Here is an interesting chart taken from the New York Times, analyzing the results of the Espaillat/Avila Chevalier race.

This was a relatively close race overall, with Avila Chevalier prevailing by about 4 points (49-45). The district is centered on Harlem and the South Bronx, but contains substantial upscale and gentrified areas. Note that Avila Chevalier won by significant margins in the precincts dominated by the young, the college educated, and the higher income, while Espaillat ran ahead (by smaller margins) among the poor, the black and the Hispanic. Jeff Maurer, writing at his Substack, comments:

[A]s always, there is strong evidence that this so-called workers’ revolution is mostly a movement of rich, white college kids.
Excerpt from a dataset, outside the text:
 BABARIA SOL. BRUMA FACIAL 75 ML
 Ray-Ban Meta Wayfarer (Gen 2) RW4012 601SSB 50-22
So what kind of omen are these results with respect to the upcoming midterm elections? Even though the Democratic Party leadership backed all the losing candidates, I entirely expect that they will get behind all of the DSA crazies, and not say a negative word about any of them for the general election. The Republican should have near limitless amounts of material for their advertising. I’d like to think that moderate Democrats would be horrified by what their party is becoming, and would flee from being associated with this kind of insanity. But reasonable people disagree about this.

Maurer (himself a Democrat) thinks that these results will prove to be a negative for his team:

These three — especially Chevalier — are a glorious gift to Republican flaks. What Michael Jordan was to Nike, Chevalier is to anyone whose job is to portray Democrats as radical, anti-America lunatics. And that is because she is a radical, anti-America lunatic; I hope normie Democrats loudly denounce her bullshit instead of trying to sanewash it. I would also remind Democrats that considerations about party unity and maintaining a big tent don’t really apply when the core thesis of the person you’re dealing with is that you, personally, are a corrupt monster who is abetting genocide.

I hope he is right. However, I never cease to be amazed at the ability of Democrats to forgive absolutely anything from the far left in the quest to destroy Trump.